▶ **TASK INSTRUCTIONS**: The output must match the lines from the first line of the listing below through the line holding "2026 yılı yeni" exactly and must contain no pictures.

▶ **RECORDS PROVIDED**:
++++++++++++++++++++

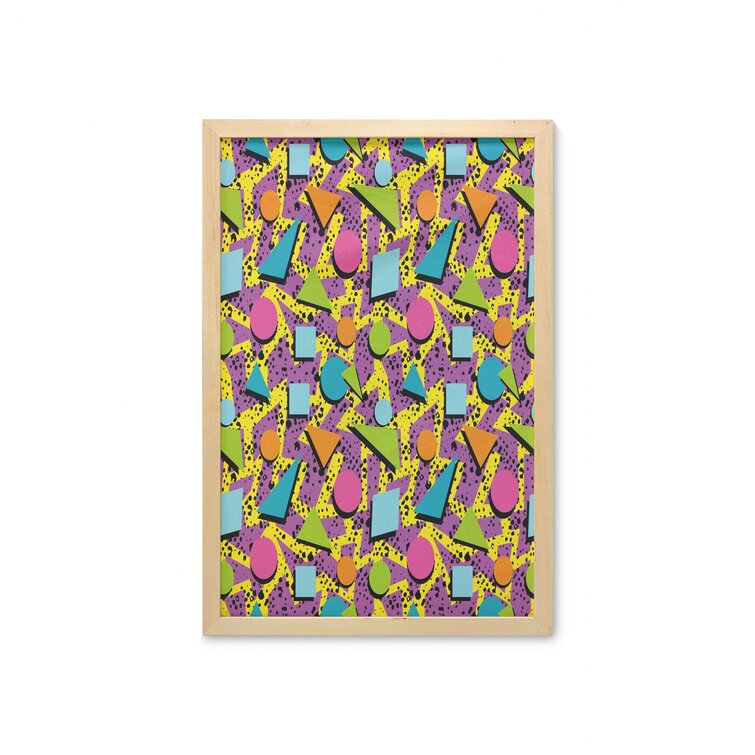Bless international Funky Geometric 80S Memphis Fashion Style Colorful Pop  Inspired Pattern Framed On Fabric Print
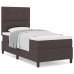 Cama con Somier y Colchón Marrón Oscuro 90x200 cm de Tela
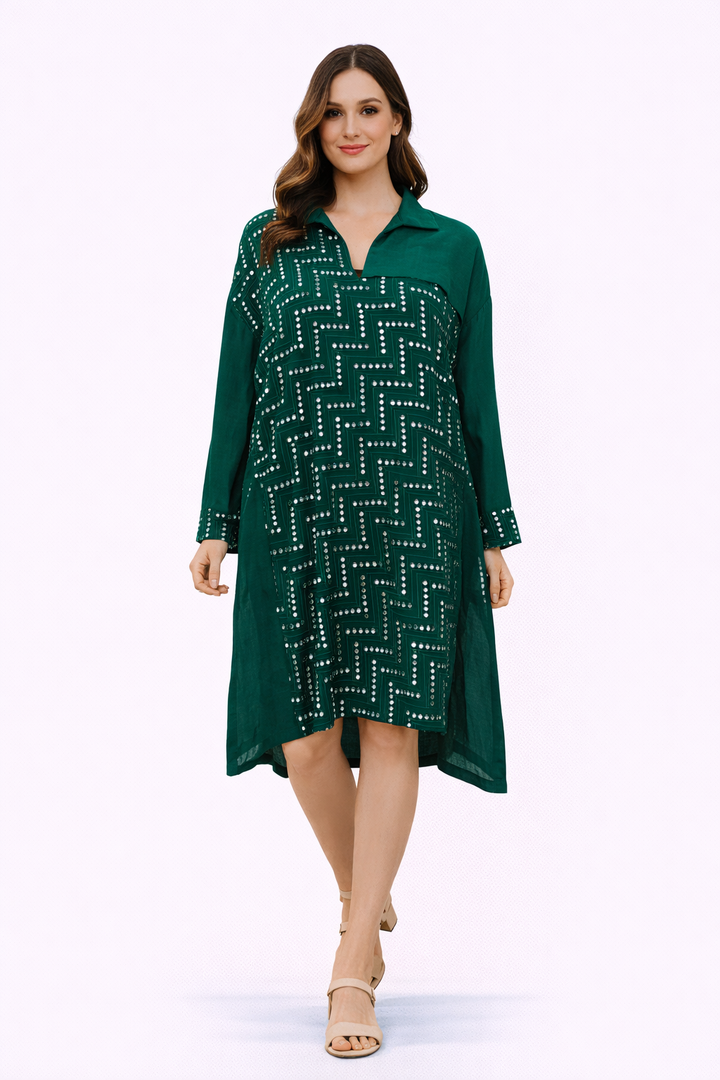 Mirrorwork Panel Shirt with Pocket Bottle Green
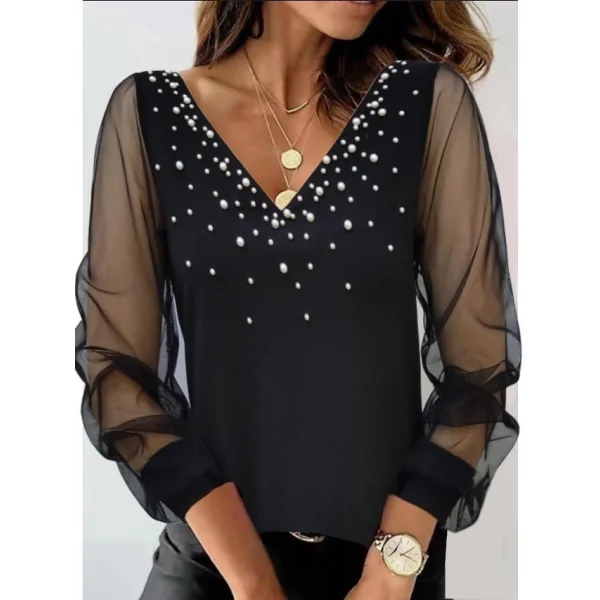 Kadın Uzun Kollu V Yaka Kolları Tül Yaka Kenarı Ve Göğüs Inci Detay Krep Bluz
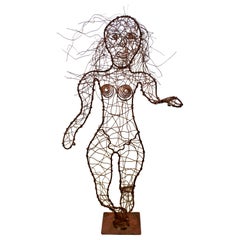 Contemporary Forged Copper Wire Nude Woman Female Figure Table Sculpture, 2000s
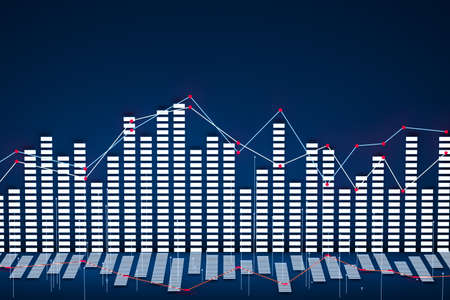 Business chart with line graph, bar chart and numbers on dark background, 3d rendering. Computer digital drawing.の写真素材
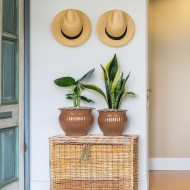 Doniczki metalowe dekoracyjne brązowe 2 szt. bez odpływu do roślin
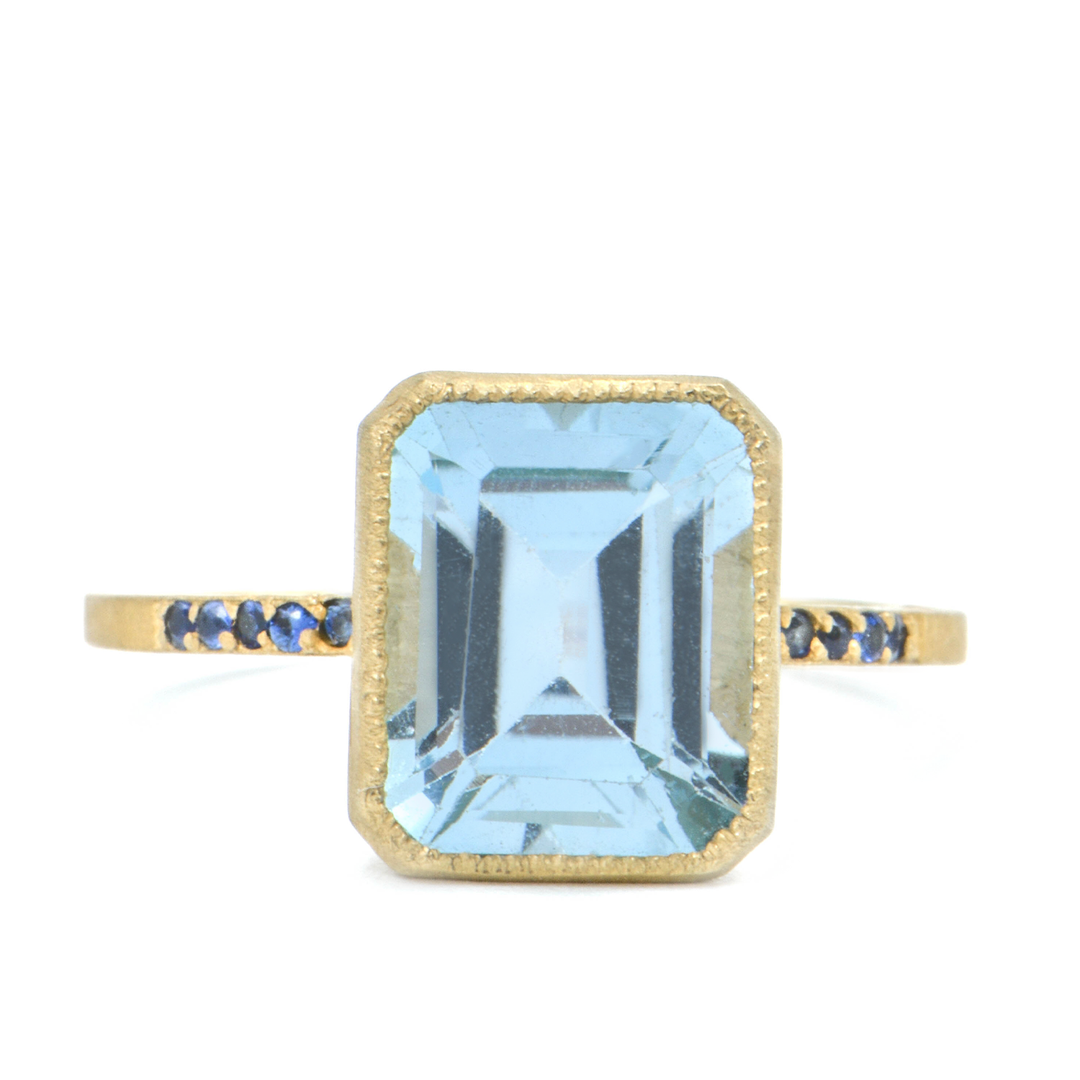 Blockette Emerald Cut Blue Topaz Ring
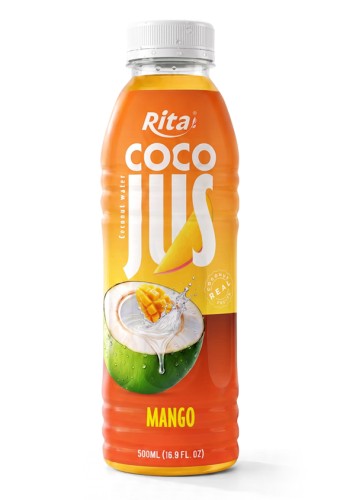 COCO JUS Real Coconut Water with Mango Juice 500ml (16.9 fl oz)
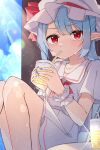  1girl absurdres blue_hair blue_nails blue_sky clouds commentary_request cup drinking drinking_glass hat hat_ribbon highres holding holding_cup katsukare light_particles light_rays looking_at_viewer mob_cap outdoors pointy_ears red_eyes red_ribbon remilia_scarlet ribbon shirt short_hair short_sleeves sitting skirt sky solo touhou white_headwear white_shirt white_skirt wrist_cuffs 
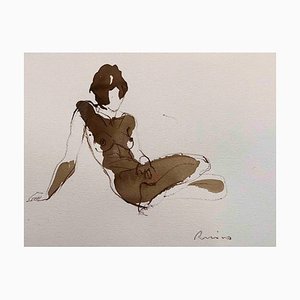 Serhiy Reznichenko, Nude Sketch, 21st Century, Watercolor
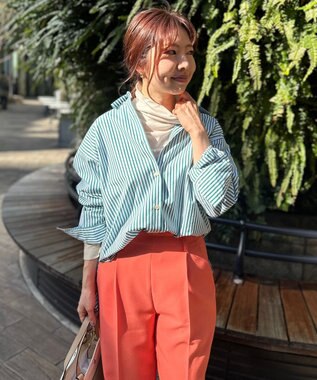 UNFILO 【洗える】イージーケア オーバーシャツ グリーン×ホワイト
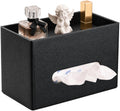 LAMOTI Tissue Box Cover Rectangle with Storage, PU Leather Tissue Holder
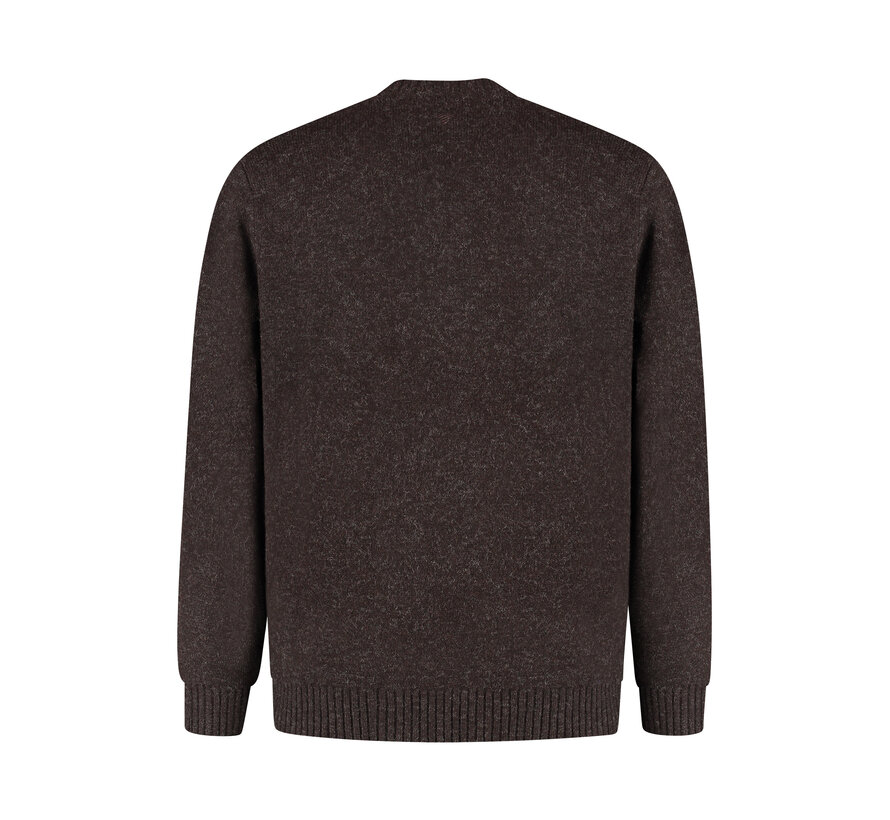 Melange Knit V-neck Sweater Dark Brown (25030819 - 96)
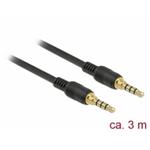 Delock Kabel Stereo Jack 3,5 mm 4 pin samec > samec 3 m černý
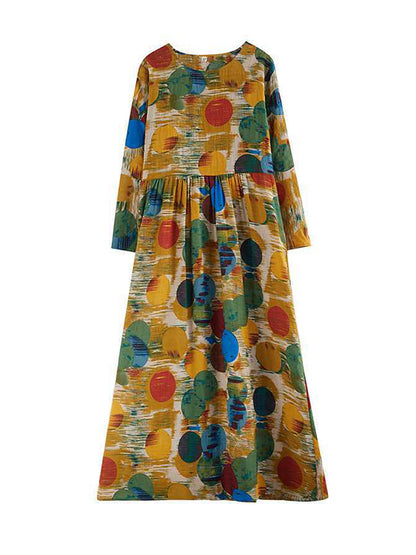 A-line Long Sleeves Pleated Polka-dot Split-joint Round-neck Maxi Dresses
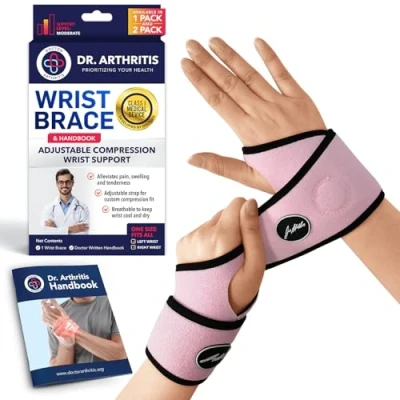 Image de Dr. Arthritis Von Ärzten entwickelte, bequeme, leichte Handgelenkstütze, perfekte Passform für rechte und linke Hand, Männer Frauen (Rosa, 2er Pack)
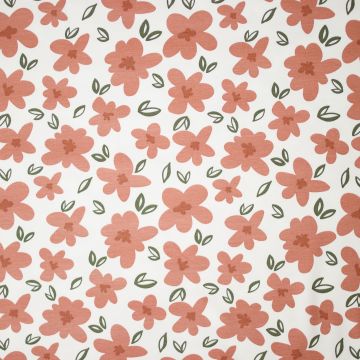 French Terry Blumen Offwhite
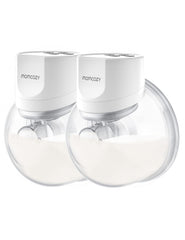 Momcozy S12 Pro wearable pump in bra for hands-free pumping during daily activities.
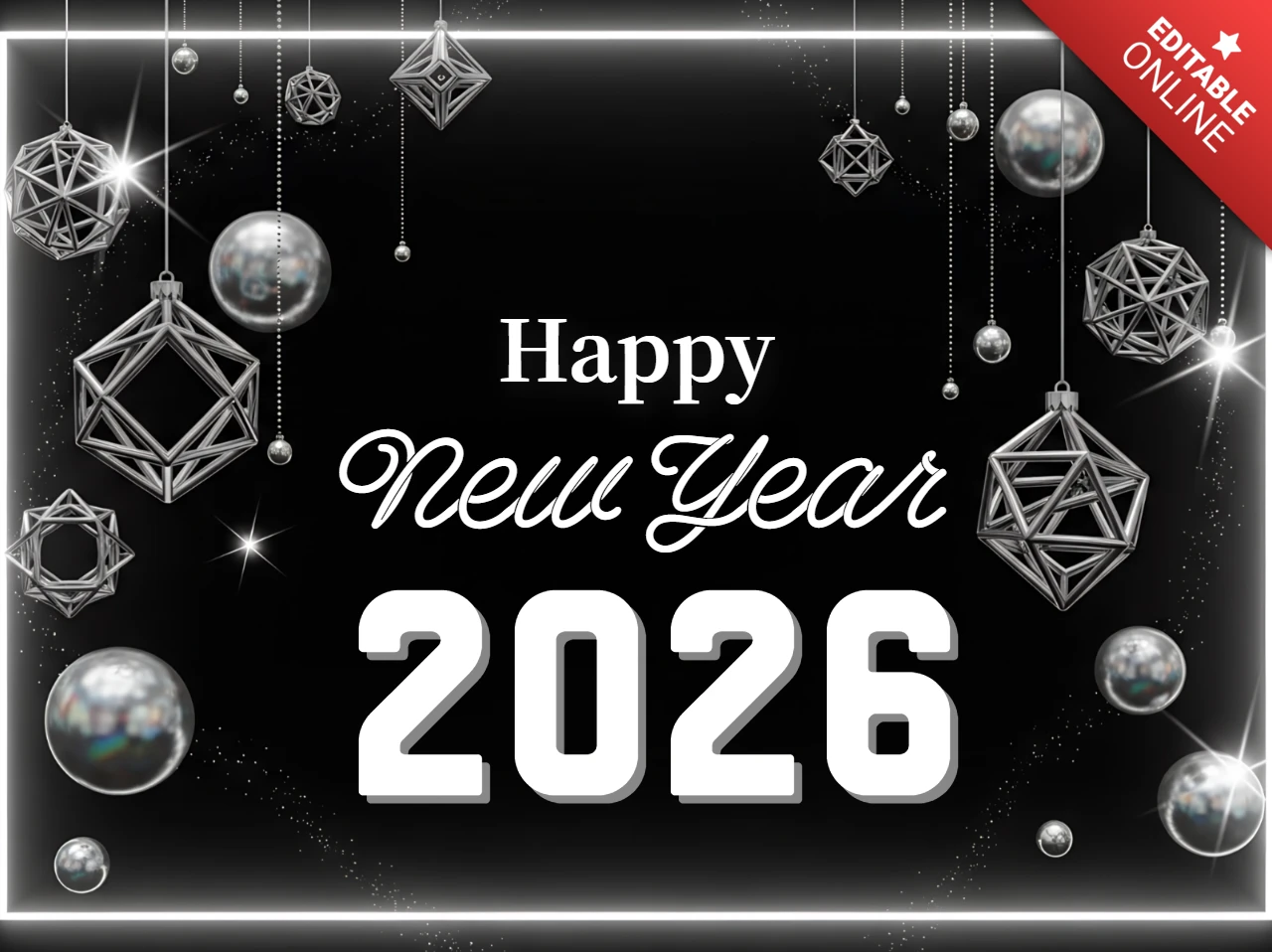 2026 yılı yeni yıl kutlaması için geometrik süslemelerle tasarlanmış tebrik kartı şablonu
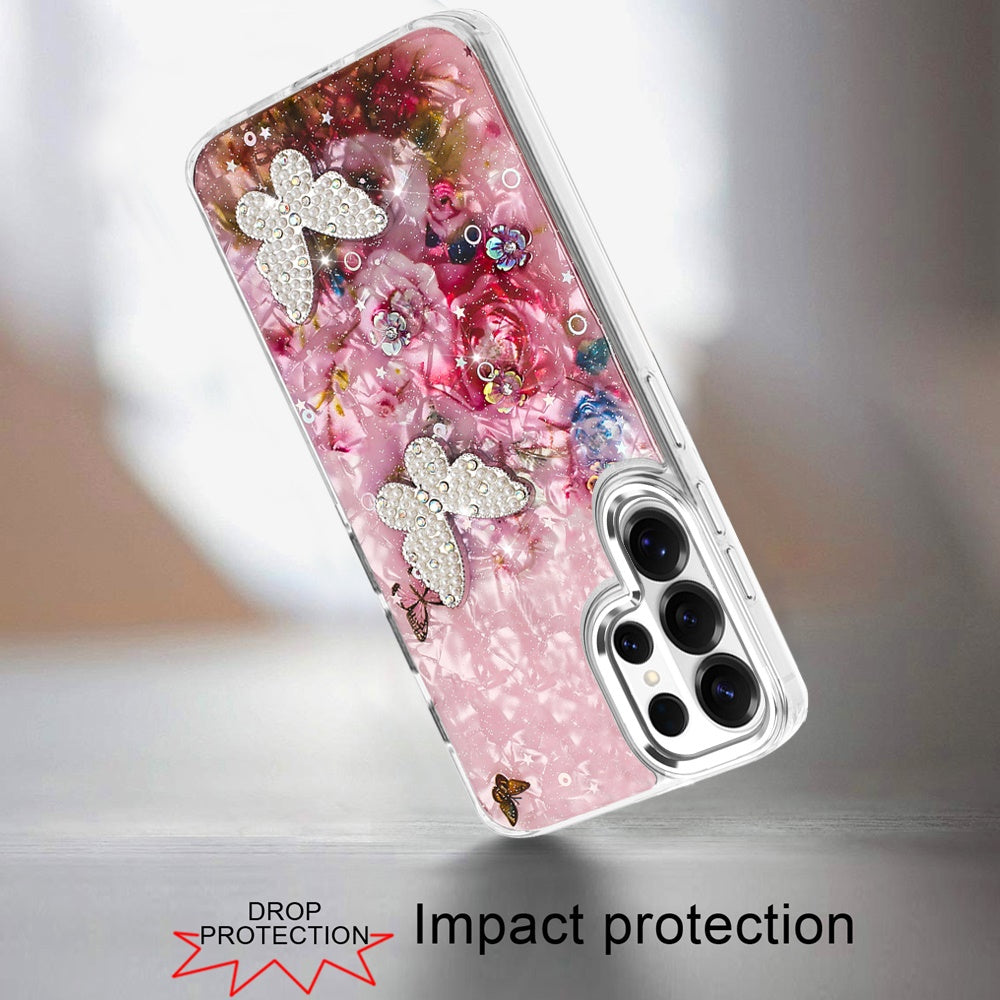 For Samsung Galaxy S26 Ultra Epoxy Glitter Flowers Bling 3D Butterfly Fashion TPU Hybrid with Shockproof Protection Case Cover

++++++++++++++++++++

▶ **TASK RESPONSE**:
Bless international Funky Geometric 80S Memphis Fashion Style Colorful Pop  Inspired Pattern Framed On Fabric Print
 Cama con Somier y Colchón Marrón Oscuro 90x200 cm de Tela
 Mirrorwork Panel Shirt with Pocket Bottle Green
 Kadın Uzun Kollu V Yaka Kolları Tül Yaka Kenarı Ve Göğüs Inci Detay Krep Bluz
 Contemporary Forged Copper Wire Nude Woman Female Figure Table Sculpture, 2000s
 Business chart with line graph, bar chart and numbers on dark background, 3d rendering. Computer digital drawing.の写真素材
 Doniczki metalowe dekoracyjne brązowe 2 szt. bez odpływu do roślin
 Blockette Emerald Cut Blue Topaz Ring
 COCO JUS Real Coconut Water with Mango Juice 500ml (16.9 fl oz)
  1girl absurdres blue_hair blue_nails blue_sky clouds commentary_request cup drinking drinking_glass hat hat_ribbon highres holding holding_cup katsukare light_particles light_rays looking_at_viewer mob_cap outdoors pointy_ears red_eyes red_ribbon remilia_scarlet ribbon shirt short_hair short_sleeves sitting skirt sky solo touhou white_headwear white_shirt white_skirt wrist_cuffs 
 Serhiy Reznichenko, Nude Sketch, 21st Century, Watercolor
 UNFILO 【洗える】イージーケア オーバーシャツ グリーン×ホワイト
 LAMOTI Tissue Box Cover Rectangle with Storage, PU Leather Tissue Holder
 Melange Knit V-neck Sweater Dark Brown (25030819 - 96)
 Delock Kabel Stereo Jack 3,5 mm 4 pin samec > samec 3 m černý
 A-line Long Sleeves Pleated Polka-dot Split-joint Round-neck Maxi Dresses
 Image de Dr. Arthritis Von Ärzten entwickelte, bequeme, leichte Handgelenkstütze, perfekte Passform für rechte und linke Hand, Männer Frauen (Rosa, 2er Pack)
 French Terry Blumen Offwhite
 Momcozy S12 Pro wearable pump in bra for hands-free pumping during daily activities.
 2026 yılı yeni yıl kutlaması için geometrik süslemelerle tasarlanmış tebrik kartı şablonu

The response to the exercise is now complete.